- **What is being asked**: Start at the line that contains "NOUS Living katoenen" in the listing below and extract every line through the last, exactly; leave pictures out.

- **Recorded data**:
┏━━

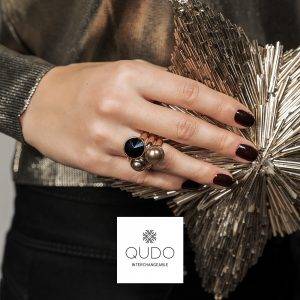 Rose Gold Pearl sormuskombo - ruusukulta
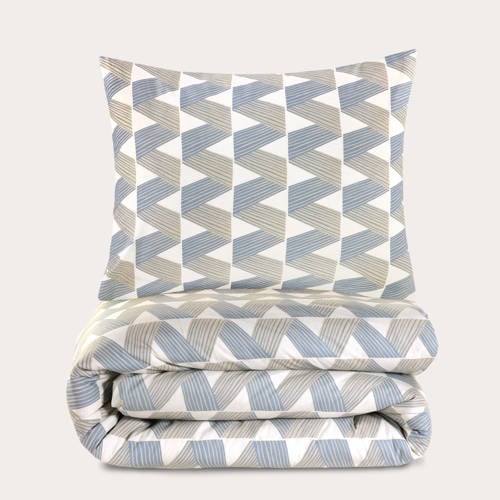 NOUS Living katoenen dekbedovertrek 1-persoons (140x220 cm) - Blauw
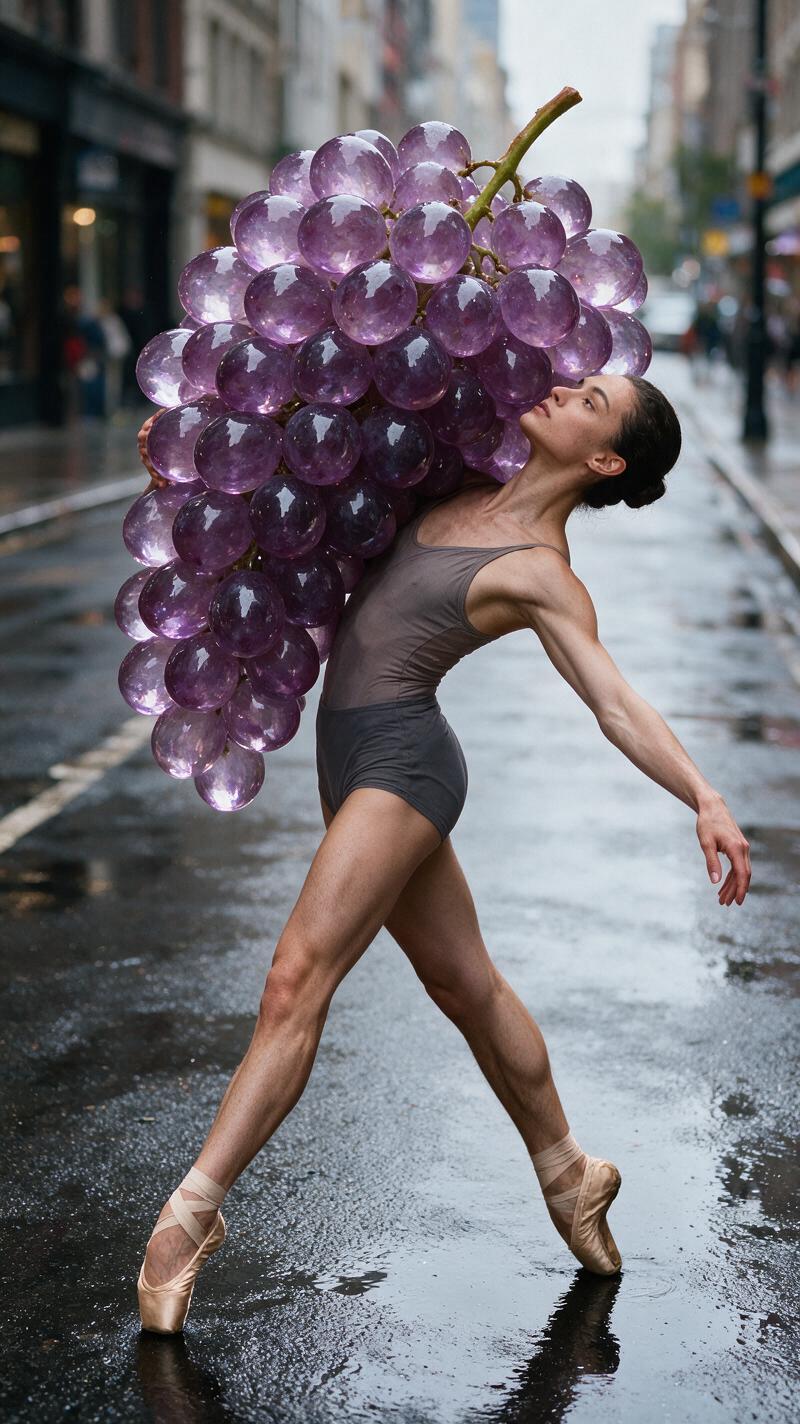 Glass grapes surreal photo effect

┗━━

- **Output of the exercise**:
 NOUS Living katoenen dekbedovertrek 1-persoons (140x220 cm) - Blauw
 Glass grapes surreal photo effect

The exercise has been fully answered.